The My Calendar III problem asks you to design a calendar system that can handle multiple event bookings and efficiently return the maximum number of overlapping events (the "k-booking") after each new booking.

  • Implement a class MyCalendarThree with a function book(start, end).
  • Each call to book(start, end) represents booking an event from time start (inclusive) to end (exclusive).
  • After each booking, return the maximum number of events that overlap at any time (i.e., the maximum number of concurrent events).
  • Constraints:
    • Events may overlap arbitrarily.
    • 1 ≤ start < end ≤ 109
    • At most 400 calls to book.

The focus is on efficiently tracking and updating the maximum overlap as new bookings are made, without reusing or modifying previous bookings.

Thought Process

At first glance, you might consider storing every interval and, for each new booking, checking how many current bookings overlap with it. However, this brute-force approach becomes inefficient as the number of bookings increases.

The key insight is that we don't need to know exactly which events overlap at every moment; instead, we just need to track the number of overlapping events at any given time. This leads to the idea of using a sweep line algorithm, which is a common approach for interval and overlap problems.

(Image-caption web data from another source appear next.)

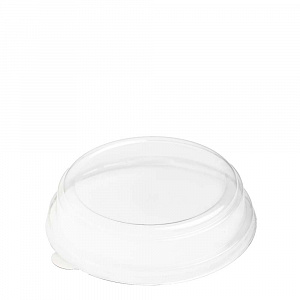 Крышка купольная п/п OSQ ROUND BOWL dome lid ПРОЗРАЧНАЯ 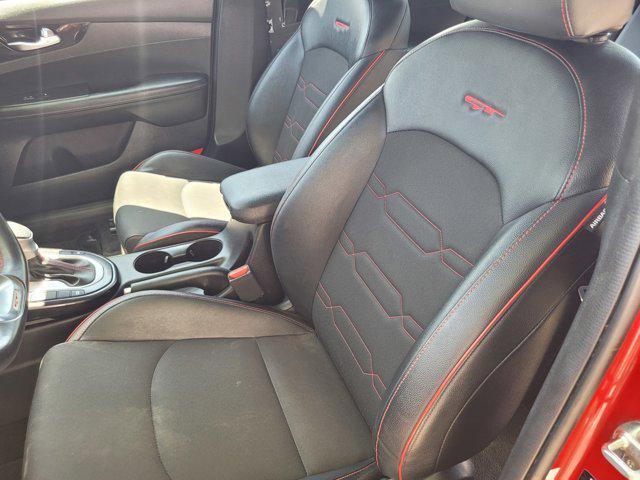 used 2022 Kia Forte car, priced at $20,999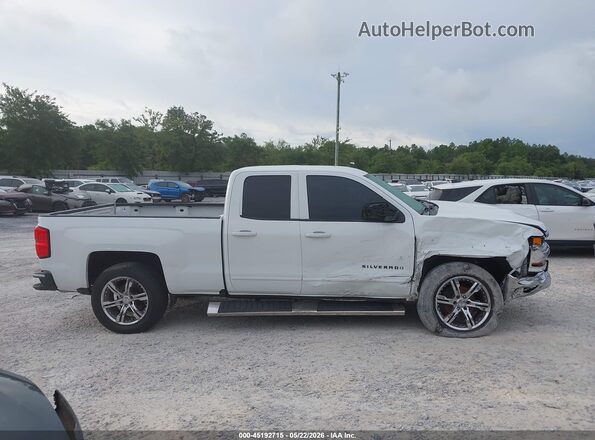 1GCRCREC5HZ167192 2017 CHEVROLET SILVERADO White Панорамний вид салону 360°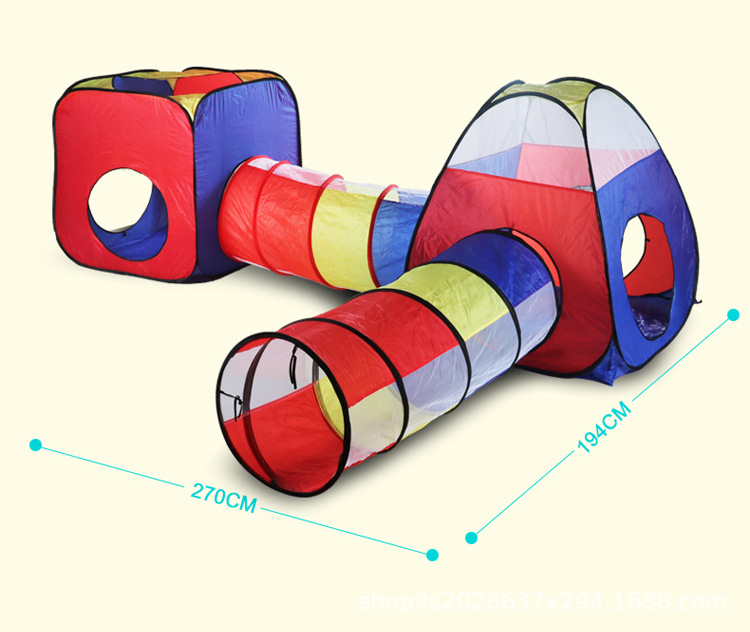 컬러 4 피스 세트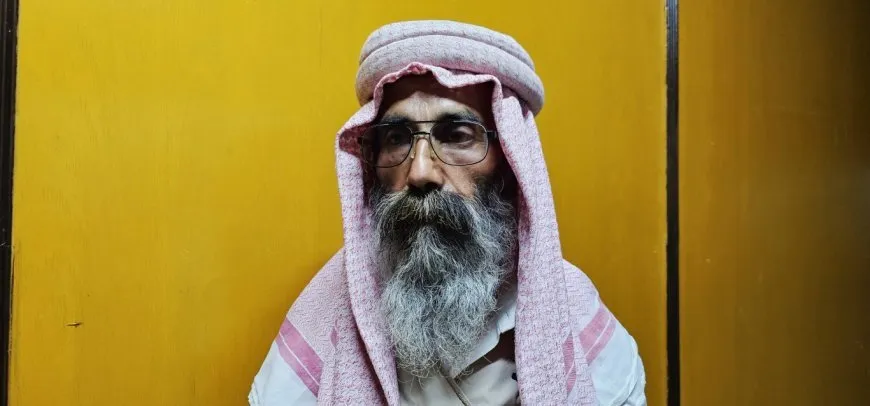 Yazidi cleric calls for Kurdish unity to protect rights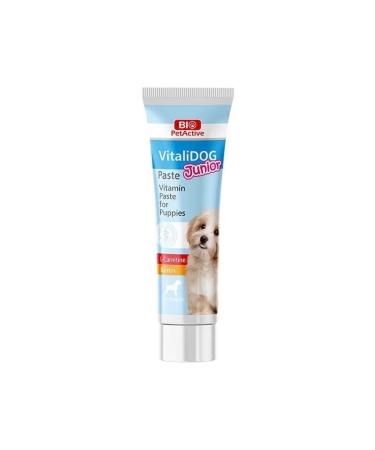 Bio PetActive Bio Pet Active Vitalidog Paste Vitamin Paste for Puppies 100 Ml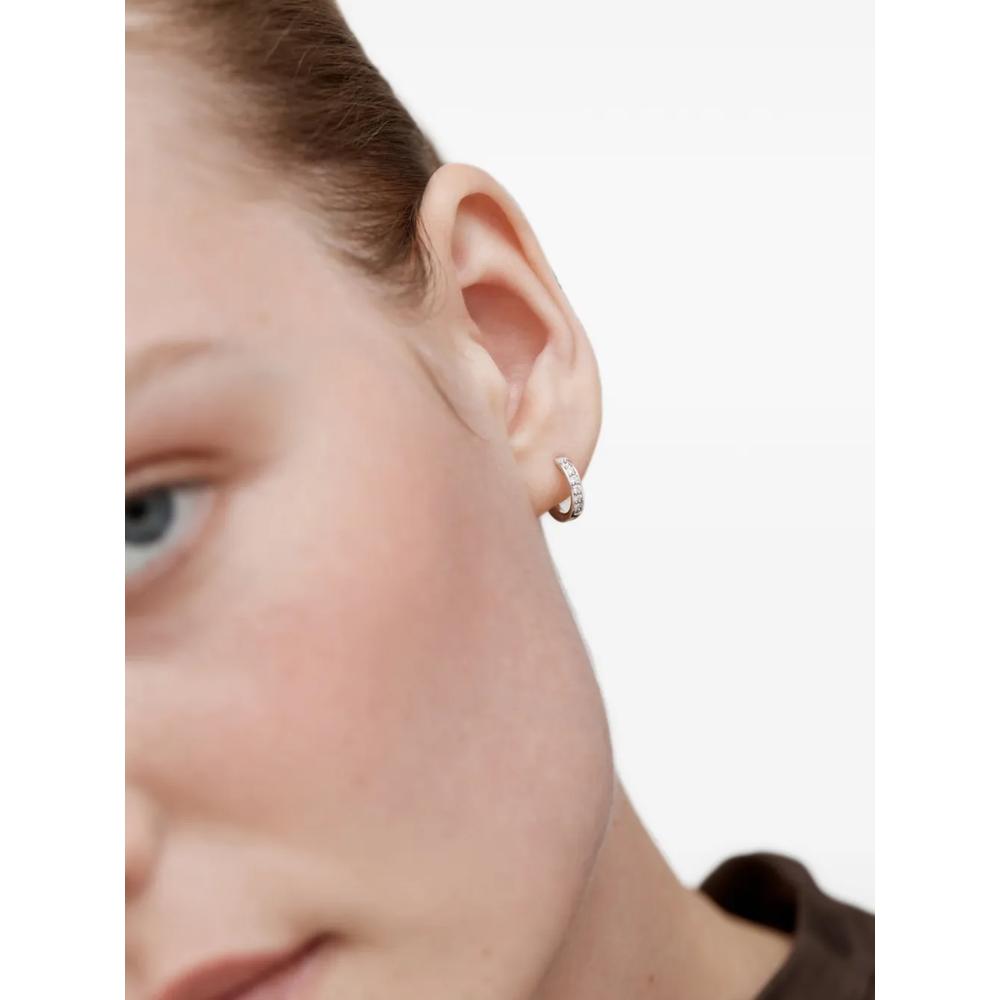Серьги Essential с бриллиантами 1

  • Instead of storing intervals, we track the change in the number of active events at every start and end point.
  • By "sweeping" through all time points in order, we can efficiently determine the maximum number of concurrent events.
  • This approach is much more scalable and avoids repeated overlap checks.

Solution Approach

To solve this problem efficiently, we use a sweep line technique with a time-point map (often a TreeMap or SortedDict), which tracks the net change in active events at each time.

  1. Track changes at time points:
    • For each booking (start, end), increment the count at start and decrement the count at end in a map or dictionary.
  2. Calculate overlaps:
    • To find the maximum overlap, iterate through time points in order, maintaining a running sum of active events, and update the maximum as you go.
  3. Implementation details:
    • Since the number of bookings is small (≤ 400), it's efficient enough to scan all time points after each booking.
    • We use a data structure that keeps keys sorted (like SortedDict in Python, TreeMap in Java, or map in C++).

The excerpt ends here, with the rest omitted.